* WHAT TO DO
Write down, unchanged, the entries from the first line through the line holding "8296 - Yellow-based". Include no other line.

* MATERIAL TO PROCESS
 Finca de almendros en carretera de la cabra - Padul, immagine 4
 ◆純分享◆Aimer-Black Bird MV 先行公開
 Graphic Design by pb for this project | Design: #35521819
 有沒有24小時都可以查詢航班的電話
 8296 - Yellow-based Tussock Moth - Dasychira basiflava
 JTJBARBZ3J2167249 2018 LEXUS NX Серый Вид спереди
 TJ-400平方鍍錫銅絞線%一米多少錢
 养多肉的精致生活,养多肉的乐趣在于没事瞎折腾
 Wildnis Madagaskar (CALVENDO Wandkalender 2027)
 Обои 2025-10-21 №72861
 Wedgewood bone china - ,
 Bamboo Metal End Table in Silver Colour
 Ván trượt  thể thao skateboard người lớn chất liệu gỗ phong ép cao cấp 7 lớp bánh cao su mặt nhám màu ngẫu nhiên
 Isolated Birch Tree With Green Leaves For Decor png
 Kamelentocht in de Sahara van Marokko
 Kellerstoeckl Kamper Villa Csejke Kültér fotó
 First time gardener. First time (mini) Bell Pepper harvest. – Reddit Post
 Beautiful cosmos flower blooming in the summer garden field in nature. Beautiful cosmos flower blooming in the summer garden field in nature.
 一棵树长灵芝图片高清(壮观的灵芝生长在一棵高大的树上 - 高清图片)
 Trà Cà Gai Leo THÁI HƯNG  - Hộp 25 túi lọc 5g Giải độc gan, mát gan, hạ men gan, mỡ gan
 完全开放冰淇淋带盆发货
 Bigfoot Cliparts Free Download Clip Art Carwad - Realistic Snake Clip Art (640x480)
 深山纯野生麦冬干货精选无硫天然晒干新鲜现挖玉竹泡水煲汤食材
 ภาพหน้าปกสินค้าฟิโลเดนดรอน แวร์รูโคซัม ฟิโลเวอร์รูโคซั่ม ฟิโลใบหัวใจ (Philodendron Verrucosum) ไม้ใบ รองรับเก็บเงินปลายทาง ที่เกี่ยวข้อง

* ANSWER TO THIS EXERCISE
 Finca de almendros en carretera de la cabra - Padul, immagine 4
 ◆純分享◆Aimer-Black Bird MV 先行公開
 Graphic Design by pb for this project | Design: #35521819
 有沒有24小時都可以查詢航班的電話
 8296 - Yellow-based Tussock Moth - Dasychira basiflava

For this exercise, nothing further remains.